◆ Instructions for the task
Reproduce the data below exactly as written. Pictures do not belong in the copy.

┄┄┄┄┄┄

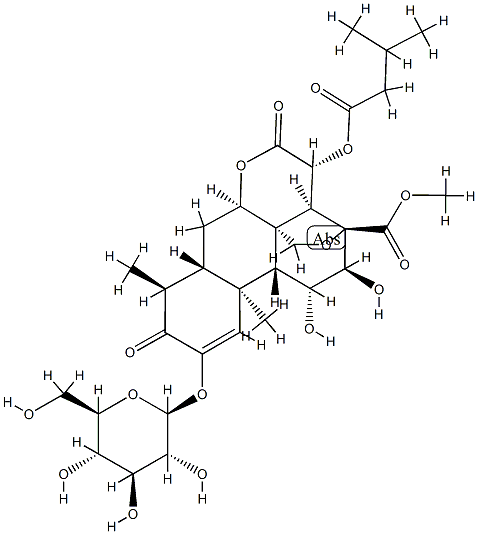 95258-15-4 結構式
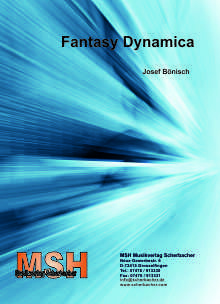 Fantasy Dynamica - hier klicken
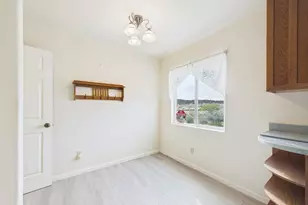 301 Co Rd 330, Walsenburg, CO 81089 - Photo 18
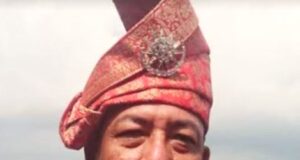 Kapolda Kepri Yan Fitri Dikabarkan Komunikasi dengan PDIP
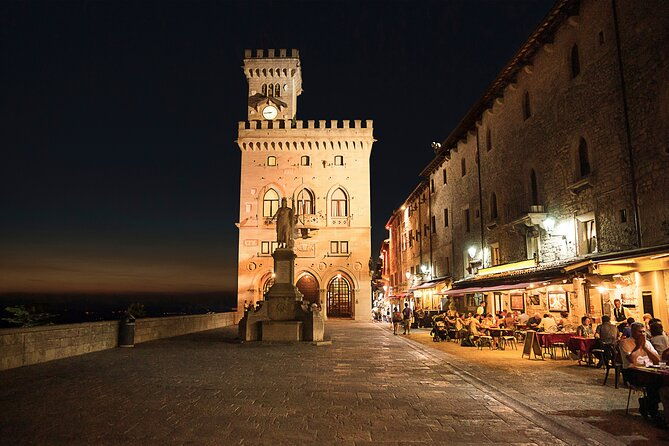 day-trip-from-ravenna-to-san-marino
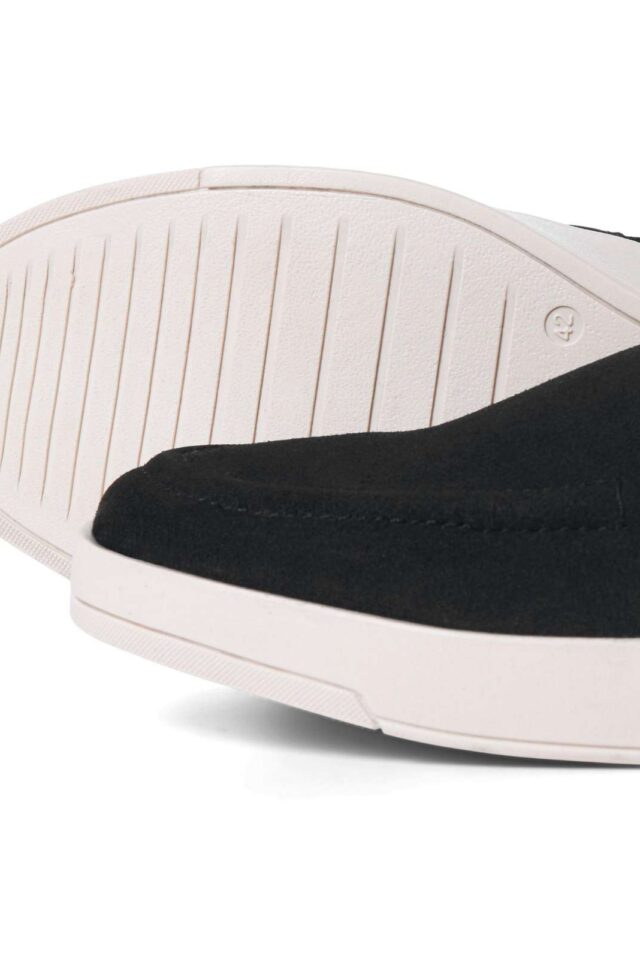 All-year_4147907_12228939_3-jackjones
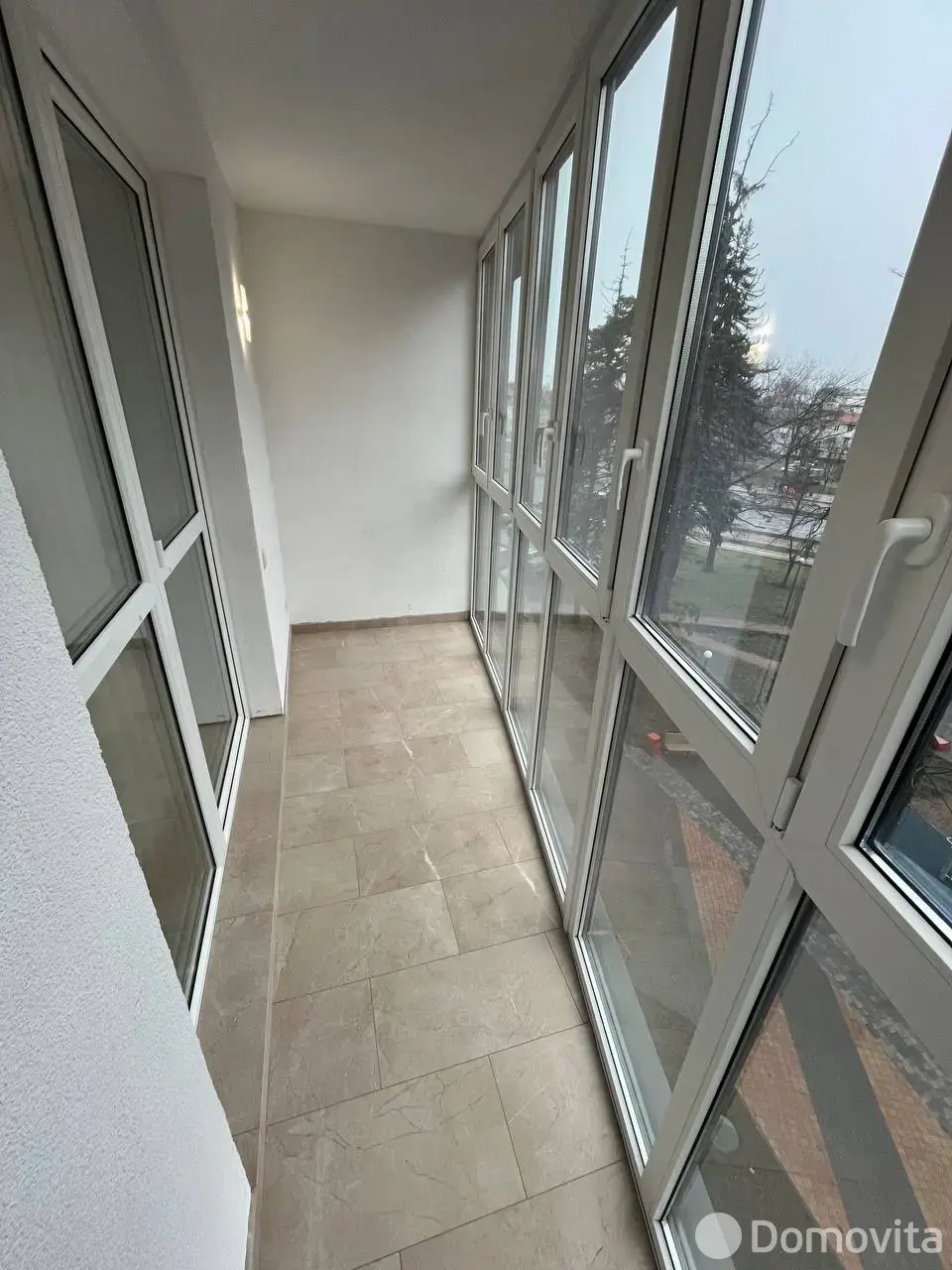 Цена аренды квартиры, Минск, ул. Брилевская, д. 25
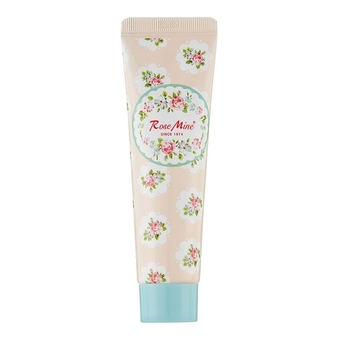 Крем для рук АРОМАТ САДОВОЇ ТРОЯНДИ Rosemine Perfumed Hand Cream - Garden Rose, 60 мл sale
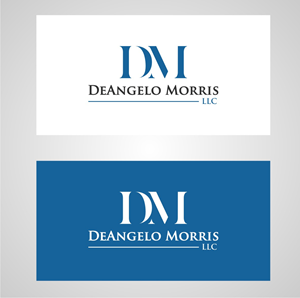 Logo Design by putritrisna 2 for this project | Design: #31352494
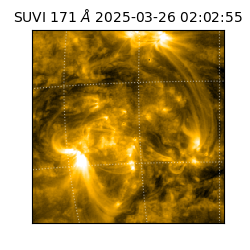 suvi - 2025-03-26T02:02:55.777000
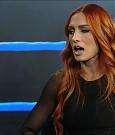 Y2Mate_is_-_Becky_Lynch_on_Motherhood2C_SummerSlam_return___more__FULL_EPISODE__Out_of_Character__WWE_ON_FOX-xmMxPZt05tU-720p-1656194963632_mp4_002387654.jpg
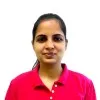 Sonia Malik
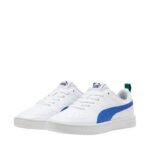 Puma Rickie Jr 384311 41 Shoes - Image 3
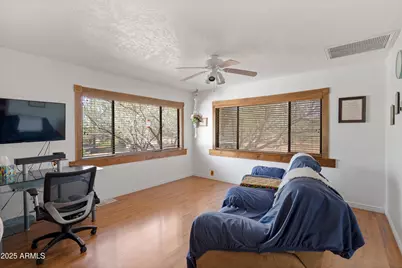 8264 E Dakota Road, Hereford, AZ 85615 - Photo 21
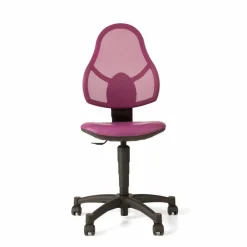 Drehstuhl Airgo Kid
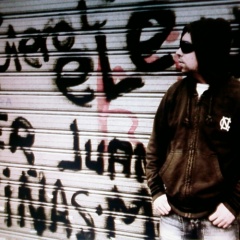 Raul Duran
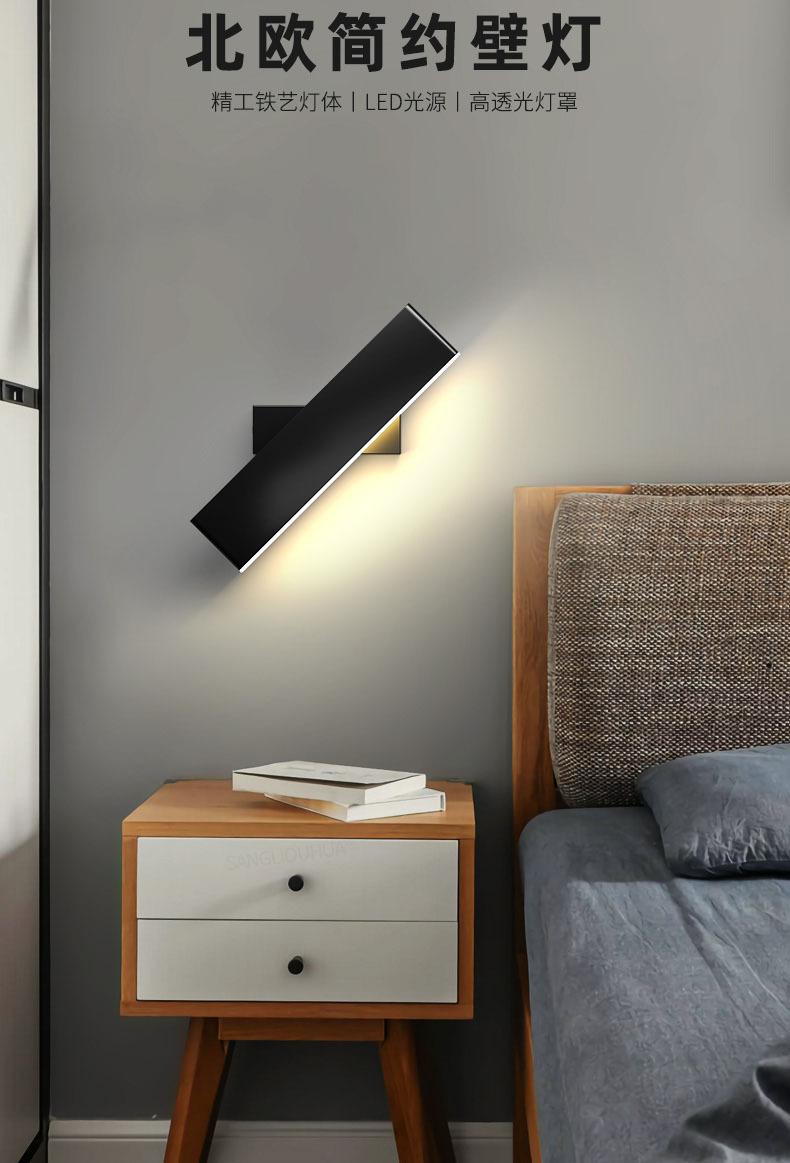 4.jpg?x-oss-process=image/format,png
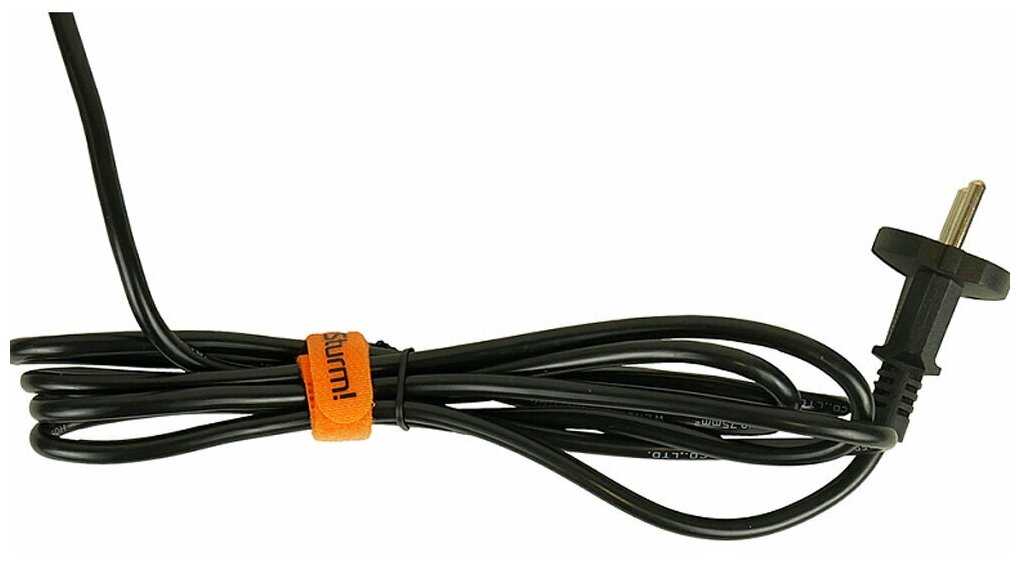 Сабельная пила Sturm RS8810 фотография 5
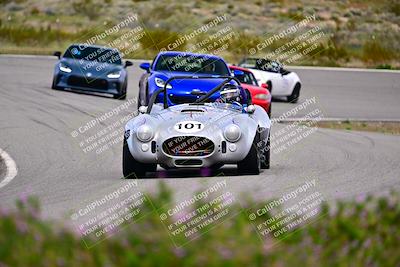 media/Mar-16-2024-Speed Ventures (Sat) [[b18ee68d62]]/Yellow Group/Session 2 (The Bowl)/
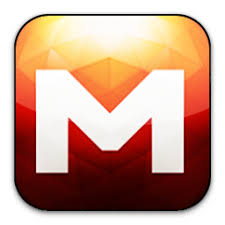 Mega Sync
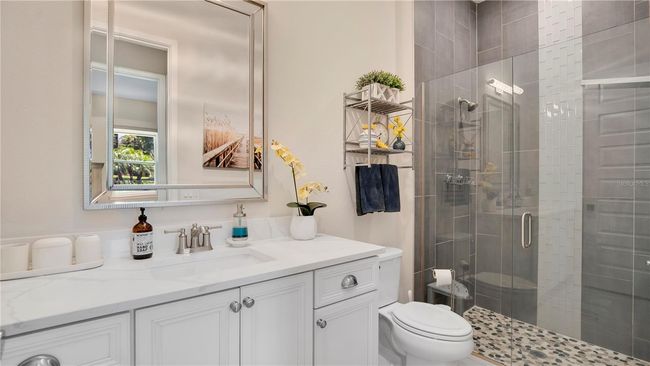26516 Savage Cir, House other with 6 bedrooms, 6 bathrooms and null parking in Howey In The Hills FL | Image 26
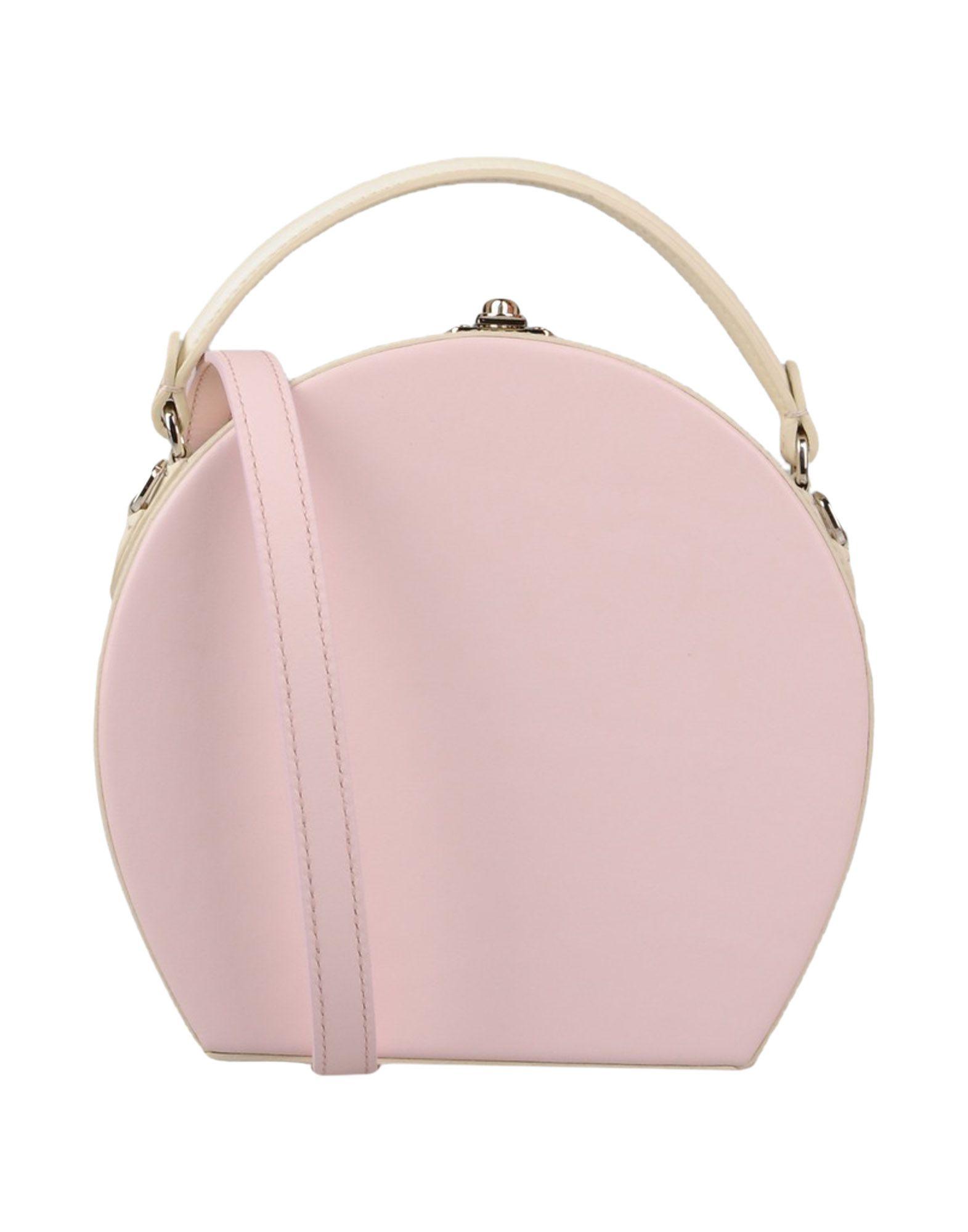 Сумка BERTONI 1949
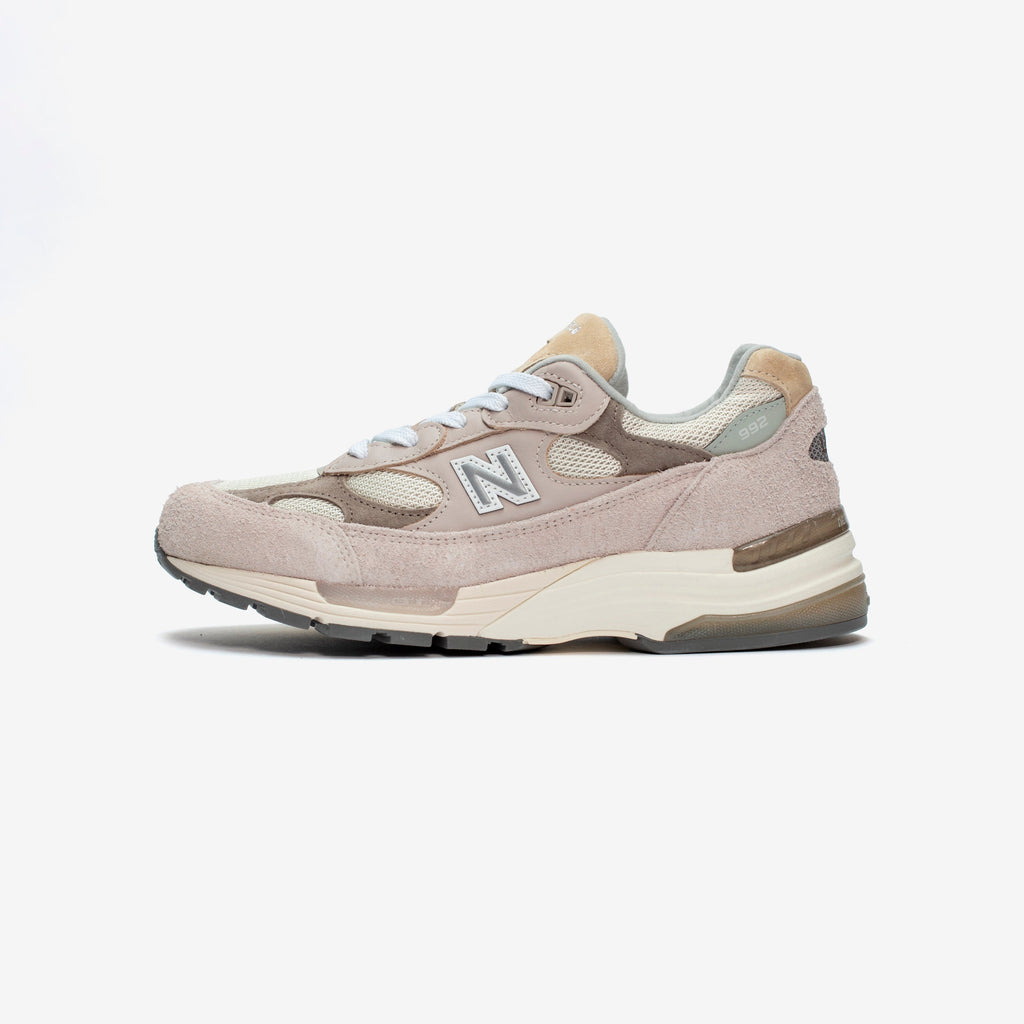 New balance Footwear оригінал | Швидка доставка Україна – збільшений вид
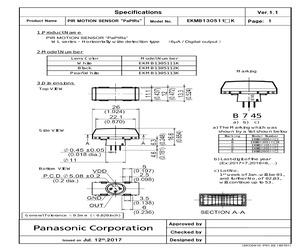 EKMB1305112K.pdf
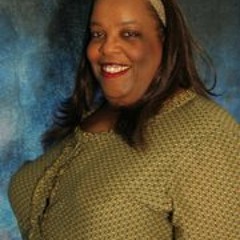 Eleanor Perry Franklin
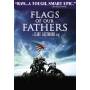 Flags Of Our Fathers / (ws Ac3 Dol) - Flags Of Our Fathers [US-Version, Regio 1]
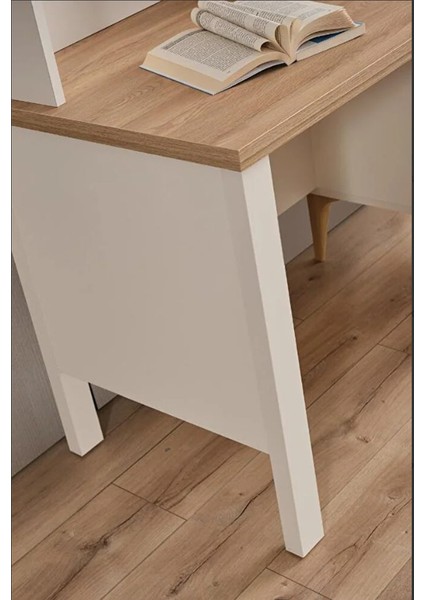 Bella Çalışma Masası modelleri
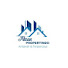Haq1Xk38tCU-channel-avatar-Ahsan Propertindo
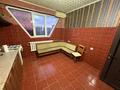 3-комнатная квартира · 73.4 м² · 9/9 этаж, мкр Орбита-4 37 за 53 млн ₸ в Алматы, Бостандыкский р-н — фото 2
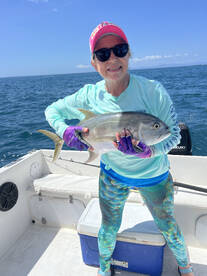 Herradura Report Photo 2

┄┄┄┄┄┄

◆ Result of this exercise
 95258-15-4 結構式
 Fantasy Dynamica - hier klicken
 301 Co Rd 330, Walsenburg, CO 81089 - Photo 18
 Kapolda Kepri Yan Fitri Dikabarkan Komunikasi dengan PDIP
 day-trip-from-ravenna-to-san-marino
 All-year_4147907_12228939_3-jackjones
 Цена аренды квартиры, Минск, ул. Брилевская, д. 25
 Крем для рук АРОМАТ САДОВОЇ ТРОЯНДИ Rosemine Perfumed Hand Cream - Garden Rose, 60 мл sale
 Logo Design by putritrisna 2 for this project | Design: #31352494
 suvi - 2025-03-26T02:02:55.777000
 Y2Mate_is_-_Becky_Lynch_on_Motherhood2C_SummerSlam_return___more__FULL_EPISODE__Out_of_Character__WWE_ON_FOX-xmMxPZt05tU-720p-1656194963632_mp4_002387654.jpg
 Sonia Malik
 Puma Rickie Jr 384311 41 Shoes - Image 3
 8264 E Dakota Road, Hereford, AZ 85615 - Photo 21
 Drehstuhl Airgo Kid
 Raul Duran
 4.jpg?x-oss-process=image/format,png
 Сабельная пила Sturm RS8810 фотография 5
 media/Mar-16-2024-Speed Ventures (Sat) [[b18ee68d62]]/Yellow Group/Session 2 (The Bowl)/
 Mega Sync
26516 Savage Cir, House other with 6 bedrooms, 6 bathrooms and null parking in Howey In The Hills FL | Image 26
 Сумка BERTONI 1949
 New balance Footwear оригінал | Швидка доставка Україна – збільшений вид
 EKMB1305112K.pdf
 Eleanor Perry Franklin
 Flags Of Our Fathers / (ws Ac3 Dol) - Flags Of Our Fathers [US-Version, Regio 1]
 Bella Çalışma Masası modelleri
Haq1Xk38tCU-channel-avatar-Ahsan Propertindo
 3-комнатная квартира · 73.4 м² · 9/9 этаж, мкр Орбита-4 37 за 53 млн ₸ в Алматы, Бостандыкский р-н — фото 2
 Herradura Report Photo 2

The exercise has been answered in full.